Ernst Bloch: Der Wortlaut der Ausweisung hiess so: «Weil die Voraussetzungen, die früher zur Erteilung einer Duldung innerhalb der schweizerischen Grenzen geführt haben, nicht mehr vorzuliegen scheinen.» «Scheinen» dazu noch. Die zur Erteilung einer Duldung! Eine Unverschämtheit ist schon das Wort Duldung.

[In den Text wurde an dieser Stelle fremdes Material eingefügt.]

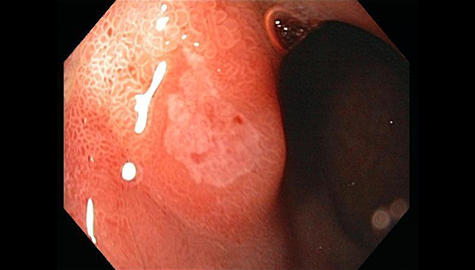 ピロリ菌感染に起因した十二指腸潰瘍の治癒期の内視鏡写真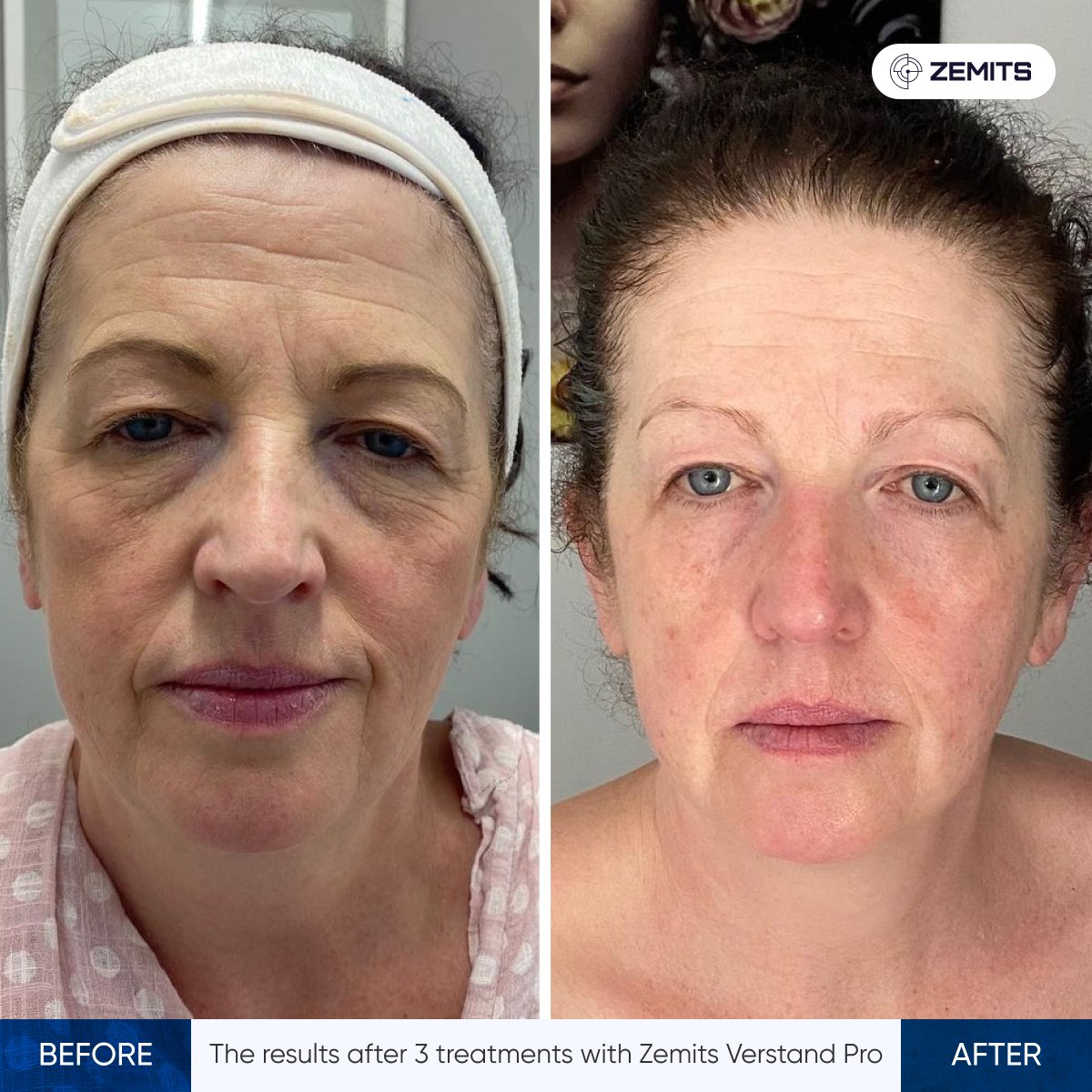 Zemits_Verstand_Pro-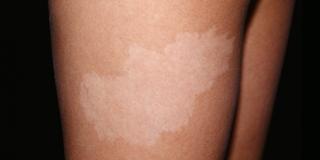 nevus depigmentosa manchas piel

Karola Bloch: Aber ich bin sehr froh, dass ich mal im Gefängnis war. Da waren Wanzen in dieser Zelle. Ich konnte gar nicht schlafen. Und das Essen war abscheulich. Ich habe natürlich diese Situation ausgenutzt als politisch aktiver Mensch, um zu schimpfen gegen die schweizerischen Gefängnisse. Dem Mann, der da jeweils zu mir kam und mir etwas zu trinken brachte, abscheuliche Brühe, Wasser, in dem so paar Nudeln schwammen, eine Schande!, habe ich dem gesagt, und die Wanzen! Schämen Sie sich, in der Schweiz, die so Anspruch hat, hygienisch zu sein, dass Sie Wanzen haben in der Zelle, das gibt's doch gar nicht mehr. Also ich schimpfte wie ein Rohrspatz. Und mein Mann war irgendwie viel klüger als ich, vielleicht dadurch auch, dass er mehr so Krimis gelesen hat und mehr wusste, wie man sich in einem Gefängnis benimmt – obwohl – ich hab' ja die politische Literatur gekannt –, und er hat gesagt: Ich bin ja nur ein Untersuchungshäftling, da kann ich ja noch etwas verlangen, und da hat er zu diesem Gefängniswärter gesagt: Nehmen Sie doch vom Geld, das ich hinterlegen musste, und bringen Sie mir Schinken und Weissbrot und Chianti und so weiter und dasselbe für die Dame. Wir waren damals noch nicht verheiratet, wir haben sogar gedacht, dass man uns wegen Zuwiderhandelns gegen den Konkubinatsparagraphen verhaftet hatte. Und der bringt mir tatsächlich alles und sagt: Der Herr da schickt es Ihnen.